Visual MD: An Innovative Approach to Molecular Simulation
Jennifer Hare, Betsy Rice, U.S. Army Research Laboratory, Jerry Clarke, Raytheon Systems Company, Margaret Hurley, CCM PET ARL MSRC/OSC, William Mattson, University of Illinois, Urbana Champaign

Computational molecular modeling is recognized as an efficient step of modern developmental programs. We are developing an integrated suite of user-friendly, highly scalable molecular simulation codes to study reactive and non-reactive processes in solid materials. The software is designed with flexibility, portability and ease of use in mind, to meet ever changing user needs and changes in computational platforms. These codes allow both the non-expert in molecular simulation to exercise the codes and an expert to customize them. Unlike monolithic solutions, this integrated suite of software tools includes a GUI, scientific visualization, and the ability to add custom functionality.

Visualization of Events from the Relativistic Heavy Ion Collider
Michael D. McGuigan, Brookhaven National Lab, Stephen Murtagh, Carnegie-Mellon University

This Research Gem discusses a high performance visual display of events from the Relativistic Heavy Ion collider at Brookhaven National Lab used to search for a new state of matter not seen since the big bang.
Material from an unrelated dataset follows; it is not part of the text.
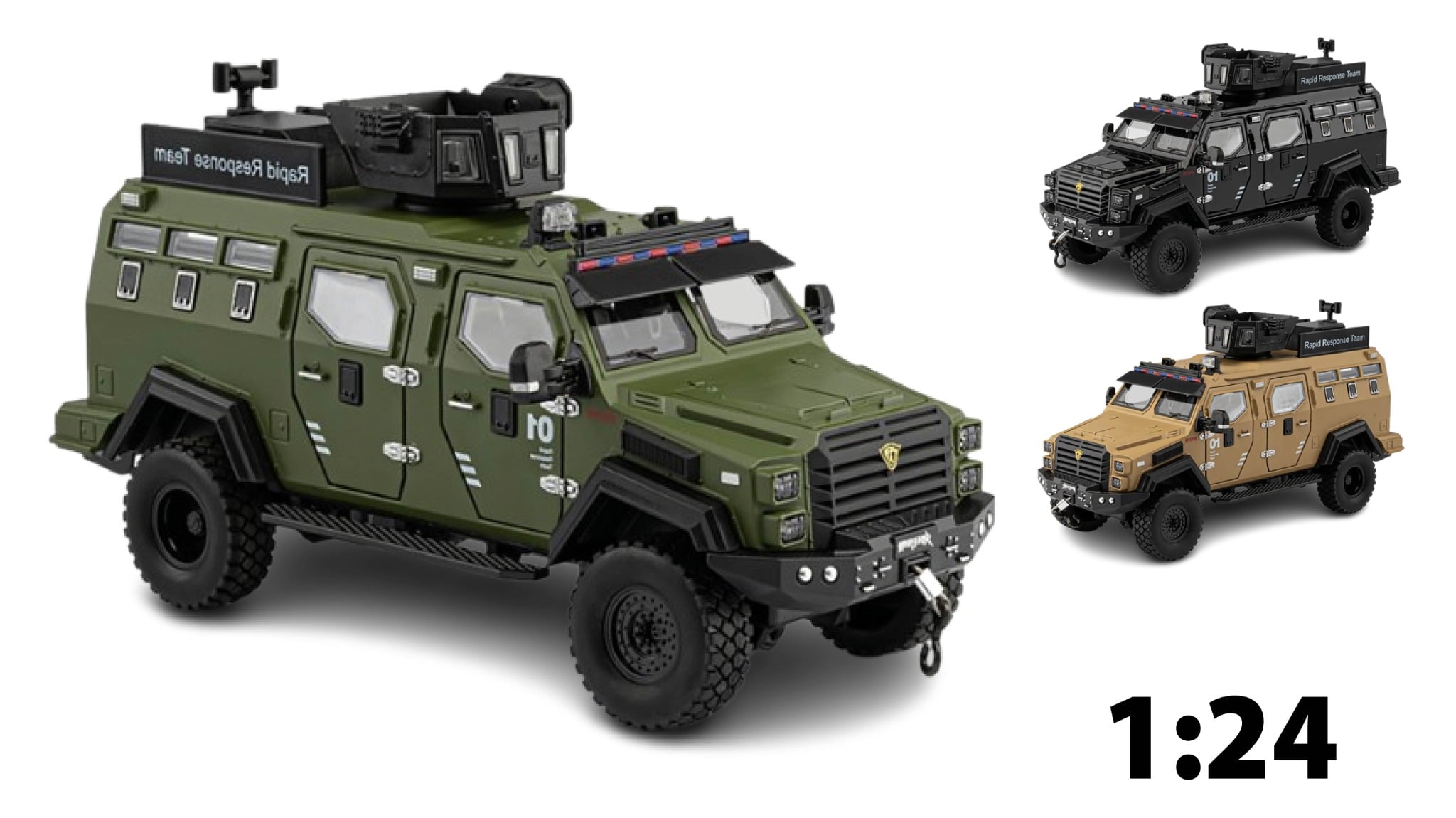  Mô hình xe Sabretooth Tiger bọc thép full open - có phụ kiện tỉ lệ 1:24 Chezhi Model OT24053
A comparison is made of several hardware and software combinations representing the events. Images and animations corresponding to an OpenInventor application displaying the collisions and detector responses are presented. Conclusions are drawn from comparisons of fitted track data directly from the visualizations.

Visualization of Extra Dimensions from String Theory
Michael D. McGuigan, Brookhaven National Lab, Stephen Murtagh, Carnegie-Mellon University

We address the use of advanced visualization techniques (implicit functions, algebraic geometry and topology) for high performance visualizations of the internal dimensions predicted to exist by String Theory, the leading candidate for a theory beyond the Standard Model of particle physics. One complication is that the theory is only consistent in ten dimensions. Since we live in four dimensions, three space and one time, the extra six dimensions are assumed to be curled up in small space that can't be directly seen. In this research we magnify the internal dimensions by a factor of 10^34 so they can be analyzed visually using a powerful visualization computer.

Workload Characterization and Similarity Analysis of SPECcpu95 Benchmarks
Abdullah I. Almojel, Ali S. AlSwayan, King Fahd University of Petroleum and Minerals

Quantifiable methods can help establish the basis for scientific design of parallel computers based on application needs, to optimize performance to cost. This research work is based on the Vector Space model of workload representation and similarity. It is shown that this model can effectively represent real-life workloads. The model also lends itself to many practical applications. These applications include the design of effective Benchmark Suites, Experimental Parallel Computer Design, and Performance Prediction of real-life applications on real machines. This research work investigates the architectural characteristics and the similarity between the SPECcpu95 benchmarks in order to remove the redundant workloads (exercise the machine similarly) from the benchmark suite.